We've got a few fresh morsels of GPU information to pick over today, and since neither is meaty enough for its own story, we're lumping them in together.
First up, we have what purport to be a pair of photos of NVIDIA's GTX 580. While this card is all but a dead cert now - having appeared briefly on the company's website last week - we still know very little the actual GPU. Current rumours suggest that it will be a 'complete' Fermi core codenamed GF110 with the full complement of 512 shaders and a number of architectural tweaks.
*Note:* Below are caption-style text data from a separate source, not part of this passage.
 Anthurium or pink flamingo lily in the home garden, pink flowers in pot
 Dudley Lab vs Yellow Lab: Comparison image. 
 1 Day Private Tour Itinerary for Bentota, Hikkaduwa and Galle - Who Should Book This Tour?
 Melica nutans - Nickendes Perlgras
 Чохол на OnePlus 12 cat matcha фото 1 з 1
Despite only adding 32 cores, estimates suggest that performance could increase by as much as 20 per cent compared to the GTX 480.
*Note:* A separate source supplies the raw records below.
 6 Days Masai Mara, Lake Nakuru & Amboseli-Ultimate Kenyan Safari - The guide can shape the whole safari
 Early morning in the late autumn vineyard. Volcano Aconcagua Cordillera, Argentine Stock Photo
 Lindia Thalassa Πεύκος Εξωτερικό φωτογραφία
Unfortunately, there aren't any new details that we can glean from the pictures - it's not even possible to say with certainty whether it features one or two GPUs - and with the shroud, it just looks like a generic NVIDIA card.
On the other side of the battle lines, Fudzilla is reporting on a few tiny scraps about the upcoming Radeon HD 6970. The first is that the cards are expected to run pretty hot - especially by AMD standards - as a result of the engineers trying to squeeze out every last drop of performance.
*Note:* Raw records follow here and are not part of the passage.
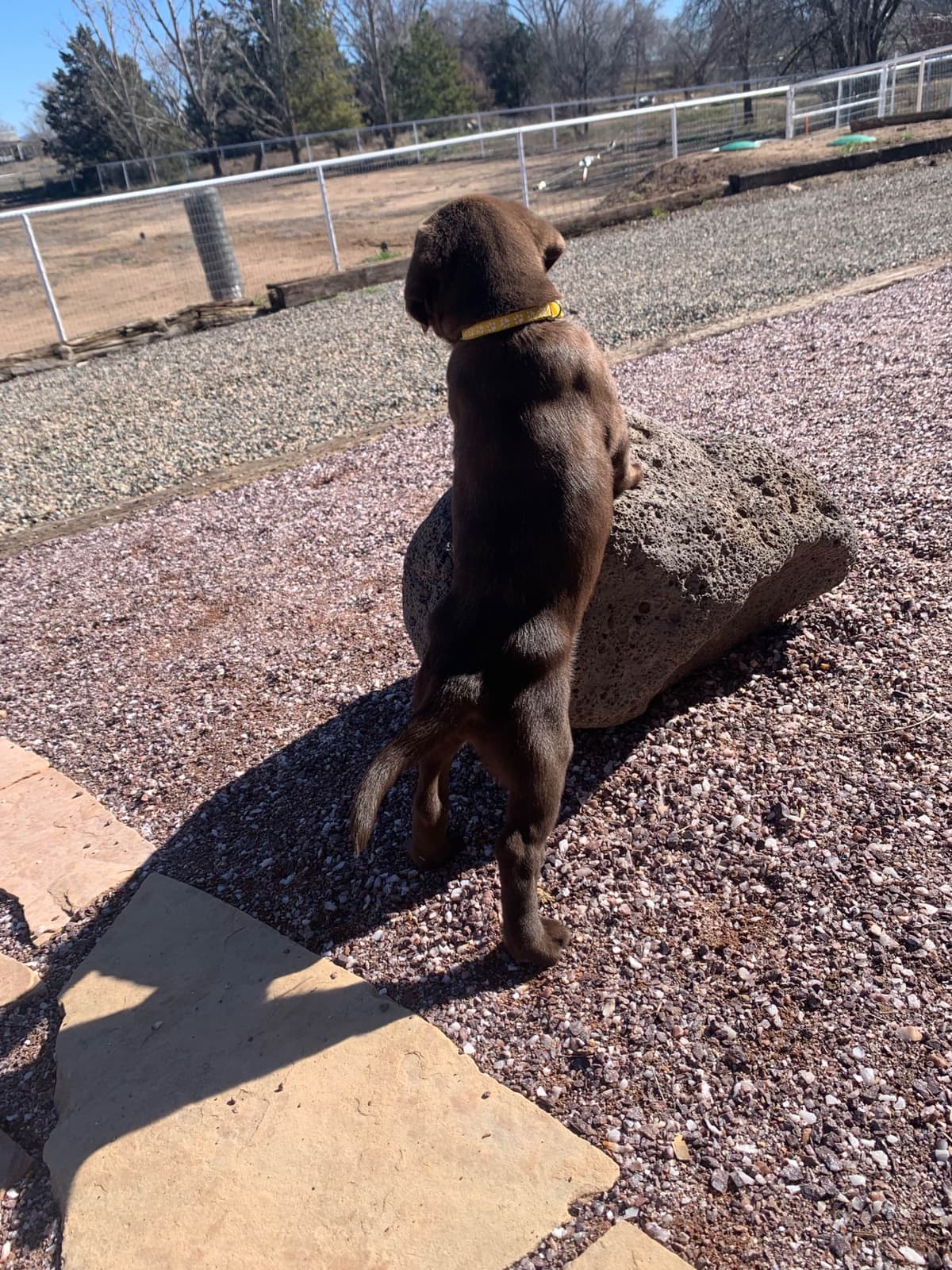 Labrador Retriever Puppies breeder image 15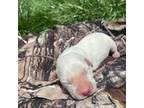 Labrador Retriever Puppy for sale in Mount Carmel, IL, USA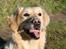 Golden retriever Melba - Velkommen til Melbas profil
Apparently the core will be more than just a slight tweak to the HD 5870, with the developers making some fairly major adjustments and adding quite a bit to the GPU. While the current crop of cards are renowned for being cool runners, adding cores and cranking up the speed can seriously increase the temperature, as we saw with the HD 6870.
Nonetheless, AMD is apparently feeling pretty confident about the card, as it would seem that comparisons are already being made to the R300 architecture that powered the Radeon 9700. That card was the flagship during ATI's period of dominance over the lacklustre GeForce FX-series and there are suggestions that history may repeat itself nearly a decade later.